# What are the NMRA Wireless DCC Standards?



## krs (Feb 29, 2008)

I thought I knew the NMRA DCC standards pretty well, but I have now come across something totally new to me.

QSI Solutions has an article on their website comparing the QSI product using the G/Wire throttle and receiver with the Aristocraft revolution.


http://www.qsisolutions.com/news/09/gscale-sys-comparison-090409.html

Part of the comparison states: 


NMRA DCC Compatible - 
QSI: Yes, G-Wire Receivers are *compatible with all NMRA Wireless DCC Transmitters*. 

Aristo: No, Receivers are proprietary, and only work with Revolution Transmitters. 

And in the conclusion it states:
*The QSI system follows the NMRA (National Model Railroad Association) Standards, which make it universally compatible with other wireless products following the same standard. This basically means that it is compatible with many products made by other manufacturers, and can be mixed or matched with other manufacturers' products.* The Aristocraft TE System is proprietary and will only work using their components.
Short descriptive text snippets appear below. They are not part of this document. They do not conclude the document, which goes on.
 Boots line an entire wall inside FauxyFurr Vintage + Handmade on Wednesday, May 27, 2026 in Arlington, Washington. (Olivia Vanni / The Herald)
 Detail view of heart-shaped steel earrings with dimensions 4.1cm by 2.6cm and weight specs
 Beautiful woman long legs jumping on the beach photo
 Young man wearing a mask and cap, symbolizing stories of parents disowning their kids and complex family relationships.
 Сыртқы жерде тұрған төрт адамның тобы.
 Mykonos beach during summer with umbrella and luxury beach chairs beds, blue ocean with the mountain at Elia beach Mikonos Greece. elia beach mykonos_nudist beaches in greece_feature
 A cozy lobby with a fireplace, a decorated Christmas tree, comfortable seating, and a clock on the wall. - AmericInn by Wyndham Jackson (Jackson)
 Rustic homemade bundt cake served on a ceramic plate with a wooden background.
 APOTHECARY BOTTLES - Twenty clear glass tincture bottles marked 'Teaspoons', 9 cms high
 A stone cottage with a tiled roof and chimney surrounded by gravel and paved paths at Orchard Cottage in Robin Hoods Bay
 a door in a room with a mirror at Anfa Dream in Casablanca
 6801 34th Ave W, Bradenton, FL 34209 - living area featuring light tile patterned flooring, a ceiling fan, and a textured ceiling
I have never heard of an NMRA wireless DCC standard. 

What is it, which NMRA Standards and RP's cover it and which other manufacturers (note the plural) offer compatible products?


----------



## Greg Elmassian (Jan 3, 2008)

I think QSI is trying to indicate the Airwire system, but technically that statement cannot be true... 

The conclusion in bold is true, but only for wired use. 

Marketing stuff... what can I say... 

Greg


----------



## TonyWalsham (Jan 2, 2008)

All of which makes it more difficult for the consumer to work out what is true and what isn't. 

Maybe Stanley knows.


----------



## krs (Feb 29, 2008)

Posted By Greg Elmassian on 08 Mar 2011 11:57 PM 
The conclusion in bold is true, but only for wired use. 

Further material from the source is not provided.